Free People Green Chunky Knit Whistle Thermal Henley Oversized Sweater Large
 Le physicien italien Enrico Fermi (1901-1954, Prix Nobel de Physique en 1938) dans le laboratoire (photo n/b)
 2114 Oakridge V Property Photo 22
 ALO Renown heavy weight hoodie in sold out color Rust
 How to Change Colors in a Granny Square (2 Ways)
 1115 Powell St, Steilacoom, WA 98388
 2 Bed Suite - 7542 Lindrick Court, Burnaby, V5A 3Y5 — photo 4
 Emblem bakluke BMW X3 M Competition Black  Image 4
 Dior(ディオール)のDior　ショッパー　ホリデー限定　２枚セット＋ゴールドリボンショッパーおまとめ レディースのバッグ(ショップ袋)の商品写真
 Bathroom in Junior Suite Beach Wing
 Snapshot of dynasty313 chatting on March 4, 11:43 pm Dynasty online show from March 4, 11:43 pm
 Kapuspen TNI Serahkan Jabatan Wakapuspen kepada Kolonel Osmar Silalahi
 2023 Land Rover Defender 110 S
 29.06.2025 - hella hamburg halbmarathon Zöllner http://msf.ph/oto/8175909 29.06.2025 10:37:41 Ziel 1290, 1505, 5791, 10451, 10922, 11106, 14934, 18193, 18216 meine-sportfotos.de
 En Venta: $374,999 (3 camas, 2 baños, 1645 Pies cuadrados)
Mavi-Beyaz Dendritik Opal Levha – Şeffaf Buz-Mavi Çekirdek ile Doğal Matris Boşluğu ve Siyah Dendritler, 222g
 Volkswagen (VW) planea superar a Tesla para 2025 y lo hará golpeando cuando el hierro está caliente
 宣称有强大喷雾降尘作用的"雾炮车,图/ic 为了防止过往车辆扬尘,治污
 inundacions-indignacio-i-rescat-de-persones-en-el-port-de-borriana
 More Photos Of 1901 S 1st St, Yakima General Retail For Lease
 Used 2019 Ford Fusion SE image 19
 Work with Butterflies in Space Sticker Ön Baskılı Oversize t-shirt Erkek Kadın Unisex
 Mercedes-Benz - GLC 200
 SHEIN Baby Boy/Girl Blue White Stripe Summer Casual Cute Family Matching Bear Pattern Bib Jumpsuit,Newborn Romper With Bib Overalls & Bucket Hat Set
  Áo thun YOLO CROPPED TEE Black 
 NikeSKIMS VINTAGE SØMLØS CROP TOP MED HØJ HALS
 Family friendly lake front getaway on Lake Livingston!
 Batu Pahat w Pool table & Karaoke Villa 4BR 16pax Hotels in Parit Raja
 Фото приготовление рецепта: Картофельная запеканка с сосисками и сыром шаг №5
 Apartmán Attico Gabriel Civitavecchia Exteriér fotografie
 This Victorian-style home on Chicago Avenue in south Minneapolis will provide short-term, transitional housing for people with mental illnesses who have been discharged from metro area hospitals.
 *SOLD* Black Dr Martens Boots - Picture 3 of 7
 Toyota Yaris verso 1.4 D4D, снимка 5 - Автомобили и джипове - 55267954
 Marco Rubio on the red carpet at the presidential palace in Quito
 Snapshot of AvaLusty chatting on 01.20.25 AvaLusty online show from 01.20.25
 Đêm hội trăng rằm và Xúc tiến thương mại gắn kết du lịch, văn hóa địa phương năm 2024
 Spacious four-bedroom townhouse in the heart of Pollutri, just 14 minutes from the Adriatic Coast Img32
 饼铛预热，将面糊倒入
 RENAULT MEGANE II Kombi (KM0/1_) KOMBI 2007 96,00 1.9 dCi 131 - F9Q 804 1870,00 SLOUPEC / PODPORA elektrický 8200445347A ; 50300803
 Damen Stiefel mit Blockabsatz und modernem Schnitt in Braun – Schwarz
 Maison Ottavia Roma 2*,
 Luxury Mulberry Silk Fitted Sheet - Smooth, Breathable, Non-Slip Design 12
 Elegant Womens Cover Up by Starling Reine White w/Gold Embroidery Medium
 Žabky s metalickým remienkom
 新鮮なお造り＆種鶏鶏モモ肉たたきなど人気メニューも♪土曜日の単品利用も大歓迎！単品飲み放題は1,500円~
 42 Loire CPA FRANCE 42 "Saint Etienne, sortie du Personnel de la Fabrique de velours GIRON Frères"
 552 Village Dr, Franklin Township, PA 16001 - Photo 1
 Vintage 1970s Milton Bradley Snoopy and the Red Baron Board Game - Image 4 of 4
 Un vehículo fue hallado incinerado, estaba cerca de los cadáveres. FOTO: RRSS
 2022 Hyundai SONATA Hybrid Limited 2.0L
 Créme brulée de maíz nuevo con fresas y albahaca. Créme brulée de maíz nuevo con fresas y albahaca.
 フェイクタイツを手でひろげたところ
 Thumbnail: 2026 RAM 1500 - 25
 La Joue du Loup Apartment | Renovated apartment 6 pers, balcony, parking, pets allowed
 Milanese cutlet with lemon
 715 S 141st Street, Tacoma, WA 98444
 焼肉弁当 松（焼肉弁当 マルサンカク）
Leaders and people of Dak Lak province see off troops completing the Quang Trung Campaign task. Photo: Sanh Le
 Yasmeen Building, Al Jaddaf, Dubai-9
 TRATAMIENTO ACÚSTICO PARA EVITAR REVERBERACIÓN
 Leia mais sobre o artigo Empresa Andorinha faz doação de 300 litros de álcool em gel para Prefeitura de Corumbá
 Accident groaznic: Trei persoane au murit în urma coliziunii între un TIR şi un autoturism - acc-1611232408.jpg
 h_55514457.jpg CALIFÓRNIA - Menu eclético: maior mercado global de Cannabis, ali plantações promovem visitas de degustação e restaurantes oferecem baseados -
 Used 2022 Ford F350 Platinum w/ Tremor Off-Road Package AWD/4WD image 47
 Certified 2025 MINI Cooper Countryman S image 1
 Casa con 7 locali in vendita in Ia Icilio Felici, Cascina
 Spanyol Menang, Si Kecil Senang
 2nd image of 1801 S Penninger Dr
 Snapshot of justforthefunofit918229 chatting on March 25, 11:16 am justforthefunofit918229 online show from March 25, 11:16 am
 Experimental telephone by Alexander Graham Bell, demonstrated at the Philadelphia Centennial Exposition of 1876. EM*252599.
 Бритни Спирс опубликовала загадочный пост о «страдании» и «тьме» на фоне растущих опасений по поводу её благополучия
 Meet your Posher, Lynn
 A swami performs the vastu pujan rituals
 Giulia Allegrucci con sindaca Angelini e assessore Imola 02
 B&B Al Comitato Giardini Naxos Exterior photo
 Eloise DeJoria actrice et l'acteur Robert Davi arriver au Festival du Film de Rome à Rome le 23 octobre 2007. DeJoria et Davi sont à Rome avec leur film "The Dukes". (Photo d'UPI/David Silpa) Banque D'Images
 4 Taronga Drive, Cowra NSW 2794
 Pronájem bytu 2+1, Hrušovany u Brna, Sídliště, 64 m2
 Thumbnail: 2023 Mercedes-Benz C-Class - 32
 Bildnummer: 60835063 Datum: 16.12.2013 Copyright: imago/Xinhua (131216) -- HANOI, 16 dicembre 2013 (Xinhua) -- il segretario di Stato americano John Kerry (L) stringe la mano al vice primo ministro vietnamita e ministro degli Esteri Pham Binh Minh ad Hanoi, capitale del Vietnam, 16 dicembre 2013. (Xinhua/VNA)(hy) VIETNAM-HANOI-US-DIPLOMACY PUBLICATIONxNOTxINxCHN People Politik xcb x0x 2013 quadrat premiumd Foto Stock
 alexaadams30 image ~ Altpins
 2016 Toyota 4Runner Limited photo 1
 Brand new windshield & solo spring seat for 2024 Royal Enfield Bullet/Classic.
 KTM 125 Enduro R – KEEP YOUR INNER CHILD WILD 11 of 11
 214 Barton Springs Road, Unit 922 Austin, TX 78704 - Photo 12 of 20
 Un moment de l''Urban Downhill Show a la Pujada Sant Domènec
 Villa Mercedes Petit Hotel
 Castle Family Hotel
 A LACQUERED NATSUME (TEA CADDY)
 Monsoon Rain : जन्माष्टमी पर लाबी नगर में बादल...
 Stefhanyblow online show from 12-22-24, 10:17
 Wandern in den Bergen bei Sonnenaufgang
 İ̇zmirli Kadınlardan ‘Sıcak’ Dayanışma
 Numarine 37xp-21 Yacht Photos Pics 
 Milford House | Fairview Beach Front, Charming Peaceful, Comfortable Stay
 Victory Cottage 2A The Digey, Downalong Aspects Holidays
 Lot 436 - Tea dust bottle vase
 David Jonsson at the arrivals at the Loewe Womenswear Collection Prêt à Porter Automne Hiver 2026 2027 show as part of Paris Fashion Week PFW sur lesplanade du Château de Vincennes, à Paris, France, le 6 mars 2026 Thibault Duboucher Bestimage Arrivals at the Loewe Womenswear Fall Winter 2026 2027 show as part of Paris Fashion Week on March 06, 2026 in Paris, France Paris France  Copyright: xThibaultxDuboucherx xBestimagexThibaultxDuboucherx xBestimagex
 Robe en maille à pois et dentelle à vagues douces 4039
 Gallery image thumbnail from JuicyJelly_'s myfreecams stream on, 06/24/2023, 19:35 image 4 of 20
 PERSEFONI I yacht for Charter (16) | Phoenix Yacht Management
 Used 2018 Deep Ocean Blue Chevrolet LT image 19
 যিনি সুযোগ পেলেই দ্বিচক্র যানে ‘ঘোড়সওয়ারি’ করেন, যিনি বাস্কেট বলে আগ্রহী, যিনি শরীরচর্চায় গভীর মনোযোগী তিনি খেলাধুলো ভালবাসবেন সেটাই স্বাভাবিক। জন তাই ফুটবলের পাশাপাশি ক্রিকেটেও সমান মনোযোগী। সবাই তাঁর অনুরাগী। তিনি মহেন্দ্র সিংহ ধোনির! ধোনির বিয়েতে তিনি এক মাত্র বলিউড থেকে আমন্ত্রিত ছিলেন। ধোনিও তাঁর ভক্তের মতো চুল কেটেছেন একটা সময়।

--*--

**Aim of the exercise**
Write out exactly the lines above from the line with "4 Taronga Drive, Cowra NSW 2794" through the line with "Brand new windshield", both of them included, and leave out all other lines.

**Your response**
 4 Taronga Drive, Cowra NSW 2794
 Pronájem bytu 2+1, Hrušovany u Brna, Sídliště, 64 m2
 Thumbnail: 2023 Mercedes-Benz C-Class - 32
 Bildnummer: 60835063 Datum: 16.12.2013 Copyright: imago/Xinhua (131216) -- HANOI, 16 dicembre 2013 (Xinhua) -- il segretario di Stato americano John Kerry (L) stringe la mano al vice primo ministro vietnamita e ministro degli Esteri Pham Binh Minh ad Hanoi, capitale del Vietnam, 16 dicembre 2013. (Xinhua/VNA)(hy) VIETNAM-HANOI-US-DIPLOMACY PUBLICATIONxNOTxINxCHN People Politik xcb x0x 2013 quadrat premiumd Foto Stock
 alexaadams30 image ~ Altpins
 2016 Toyota 4Runner Limited photo 1
 Brand new windshield & solo spring seat for 2024 Royal Enfield Bullet/Classic.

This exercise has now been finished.